Um-/Benennung von Straßen und Plätzen
Mit Otto Rosenberg und May Ayim werden im Stadtraum Berlin zwei Persönlichkeiten geehrt, die sich aktiv dafür eingesetzt haben, Rassismus öffentlich zu thematisieren. Dass heute zwei Straßen und ein Platz an ihr Engagement erinnern, ist ein Ergebnis langwieriger politischer Kämpfe. 2007 werden am Gedenkort des ehemaligen Zwangslagers in Marzahn eine Straße und ein Platz nach dem Bürgerrechtler Otto Rosenberg benannt. 2010 findet die Umbenennung des Gröbenufers in Kreuzberg statt. Anstelle eines preußischen Militärs, der für die koloniale Beteiligung Brandenburg-Preußens am Transatlantischen Versklavungshandel steht, trägt die Straße nun den Namen der Aktivistin, Dichterin und Wissenschaftlerin May Ayim.
Um die Um-/Benennung anderer Straßen, die historische Verbrechen verharmlosen, fragwürdige Personen würdigen und unkritisch an koloniale oder nationalsozialistische Deutungen von Geschichte anknüpfen, gibt es nach wie vor erbitterte Auseinandersetzungen. Dabei werden Konfliktzonen sichtbar, die herrschende Geschichtsbilder und Erinnerungspolitiken auf unterschiedliche Weise herausfordern. So wurde im Berlner Bezirk Wedding nach langanhaltenden Kämpfen diasporischer Communities und ihrer Unterstützer*innen bereits 2016 entschieden, den Nachtigalplatz in Manga-Bell-Platz umzubenennen. Die Umbenennung ist jedoch bis heute nicht erfolgt.
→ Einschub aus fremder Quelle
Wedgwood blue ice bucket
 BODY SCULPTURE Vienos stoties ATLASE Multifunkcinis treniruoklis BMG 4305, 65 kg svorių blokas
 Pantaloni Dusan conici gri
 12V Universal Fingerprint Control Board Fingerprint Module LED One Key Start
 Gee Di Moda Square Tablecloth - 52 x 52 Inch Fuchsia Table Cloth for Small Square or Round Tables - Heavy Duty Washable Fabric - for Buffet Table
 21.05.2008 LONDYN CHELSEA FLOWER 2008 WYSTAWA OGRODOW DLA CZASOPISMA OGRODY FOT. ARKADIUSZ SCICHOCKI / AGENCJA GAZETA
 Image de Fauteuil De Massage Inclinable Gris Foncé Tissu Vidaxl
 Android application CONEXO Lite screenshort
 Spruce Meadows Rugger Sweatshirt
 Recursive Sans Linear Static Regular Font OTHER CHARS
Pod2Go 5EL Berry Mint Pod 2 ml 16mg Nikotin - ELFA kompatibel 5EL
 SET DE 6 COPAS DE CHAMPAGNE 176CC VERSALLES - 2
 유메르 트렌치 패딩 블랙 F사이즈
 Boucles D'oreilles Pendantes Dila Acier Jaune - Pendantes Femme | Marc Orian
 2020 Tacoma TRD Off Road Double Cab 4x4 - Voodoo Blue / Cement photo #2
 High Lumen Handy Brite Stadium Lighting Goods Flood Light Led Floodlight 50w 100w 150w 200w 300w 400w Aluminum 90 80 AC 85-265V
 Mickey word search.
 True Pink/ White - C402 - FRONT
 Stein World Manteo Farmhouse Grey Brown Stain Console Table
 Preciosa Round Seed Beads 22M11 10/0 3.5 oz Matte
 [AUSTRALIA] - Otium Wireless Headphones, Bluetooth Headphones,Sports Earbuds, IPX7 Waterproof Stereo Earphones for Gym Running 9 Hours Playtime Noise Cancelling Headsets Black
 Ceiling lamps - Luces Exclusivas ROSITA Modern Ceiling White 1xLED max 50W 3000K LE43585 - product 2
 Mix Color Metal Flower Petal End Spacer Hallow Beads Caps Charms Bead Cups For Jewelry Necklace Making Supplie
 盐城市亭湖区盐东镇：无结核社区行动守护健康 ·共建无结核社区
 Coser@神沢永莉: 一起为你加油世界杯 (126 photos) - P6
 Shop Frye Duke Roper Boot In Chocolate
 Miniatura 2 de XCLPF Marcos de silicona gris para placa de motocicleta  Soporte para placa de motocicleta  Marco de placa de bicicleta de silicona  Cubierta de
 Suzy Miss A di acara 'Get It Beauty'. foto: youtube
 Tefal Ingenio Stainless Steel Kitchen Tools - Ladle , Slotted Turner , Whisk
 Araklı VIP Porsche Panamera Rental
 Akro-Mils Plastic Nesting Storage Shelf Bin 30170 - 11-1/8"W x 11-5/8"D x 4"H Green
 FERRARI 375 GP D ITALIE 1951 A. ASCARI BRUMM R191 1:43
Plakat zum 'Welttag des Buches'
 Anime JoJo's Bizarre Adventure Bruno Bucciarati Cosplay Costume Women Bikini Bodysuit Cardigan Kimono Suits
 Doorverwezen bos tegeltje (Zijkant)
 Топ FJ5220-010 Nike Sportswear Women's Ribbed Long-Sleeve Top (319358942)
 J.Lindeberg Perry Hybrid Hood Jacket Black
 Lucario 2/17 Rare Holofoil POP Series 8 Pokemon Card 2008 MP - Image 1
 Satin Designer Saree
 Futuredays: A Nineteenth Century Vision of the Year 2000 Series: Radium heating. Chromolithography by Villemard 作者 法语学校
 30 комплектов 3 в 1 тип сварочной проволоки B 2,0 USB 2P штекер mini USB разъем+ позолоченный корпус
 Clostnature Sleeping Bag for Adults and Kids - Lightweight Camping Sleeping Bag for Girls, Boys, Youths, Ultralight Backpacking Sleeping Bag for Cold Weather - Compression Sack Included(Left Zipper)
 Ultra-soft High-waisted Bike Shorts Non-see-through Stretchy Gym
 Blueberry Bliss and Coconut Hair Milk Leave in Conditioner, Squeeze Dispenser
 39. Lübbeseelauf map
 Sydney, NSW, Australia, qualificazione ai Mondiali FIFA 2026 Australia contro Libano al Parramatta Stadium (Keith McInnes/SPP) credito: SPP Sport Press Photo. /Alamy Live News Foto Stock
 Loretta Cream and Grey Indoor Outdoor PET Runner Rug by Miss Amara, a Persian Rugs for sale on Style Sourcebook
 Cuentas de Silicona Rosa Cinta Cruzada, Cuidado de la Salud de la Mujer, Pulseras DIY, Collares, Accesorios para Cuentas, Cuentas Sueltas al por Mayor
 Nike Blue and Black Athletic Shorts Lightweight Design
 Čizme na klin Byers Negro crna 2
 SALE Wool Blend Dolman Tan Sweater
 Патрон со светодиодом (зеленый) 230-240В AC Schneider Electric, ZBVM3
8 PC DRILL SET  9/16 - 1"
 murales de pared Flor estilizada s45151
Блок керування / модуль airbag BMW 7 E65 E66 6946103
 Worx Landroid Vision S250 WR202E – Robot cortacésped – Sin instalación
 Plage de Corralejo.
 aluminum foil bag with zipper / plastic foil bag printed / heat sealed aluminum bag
Einige „Umbenennungen“ dienen eher der Verschleierung von unliebsamen historischen Epochen als ihrer Aufarbeitung. Die Petersallee im Afrikanischen Viertel – im Nationalsozialismus nach einem der größten Kolonialverbrecher benannt – wird 1986 einfach umgewidmet und ehrt nun einen CDU-Politiker gleichen Namens. Nach diesem Schema würde die Mehrheit am liebsten auch mit dem Nachtigalplatz und der Lüderitzstraße verfahren. Die Namen der beiden betrügerischen Begründer der Kolonie Deutsch-Südwestafrika, heute Namibia, könnten so sang- und klanglos mit dem Namen eines Theologen bzw. einer namibischen Stadt überschrieben werden, den diese ihrem Kolonisator verdankt.
Gern werden im Vorfeld von Umbenennungen die Anwohner*innen befragt, denn die meisten stimmen in der Regel dagegen: zu teuer seien neue Briefköpfe, zu aufwendig der Gang zur Meldebehörde. Im Fall der Treitschkestraße, die an einen der einflussreichsten antisemitischen Historiker erinnert, baut das Aktionsbündnis für die Umbenennung diesem Argument vor und findet sogar einen Sponsor: Eine Druckerei bietet an, entstehende Kosten anteilig zu übernehmen. Trotzdem stimmt die Mehrheit der Anwohner*innen 2012 dagegen. Vielen sind Thema, Geschichte und Namensgeber ihrer Straße schlicht egal. Dass die Meinung von 226 Personen als „Mehrheits“entscheid für die erinnerungspolitische Gestaltung des Stadtraums gewertet wird, ist allerdings kein Beispiel für „direkte Demokratie“, sondern bedenklich.
Was bedeutet es, wenn Personen im öffentlichen Raum geehrt werden, die, wie Peters, für brutale Kolonialverbrechen stehen oder, wie Treitschke, als Wegbereiter des Holocaust gelten? Was sagt es über eine Erinnerungskultur und -politik aus, wenn herrschende Erzählungen allen Einsprüchen zum Trotz fortgeschrieben und kritische Diskussionen zugunsten von Wähler*innenstimmen vermieden werden? Und welche Zeichen werden gesetzt, wenn der Zusammenhang von Sprache und Gewalt verharmlost und wiederholte Hinweise darauf nicht ernst genommen oder ignoriert werden?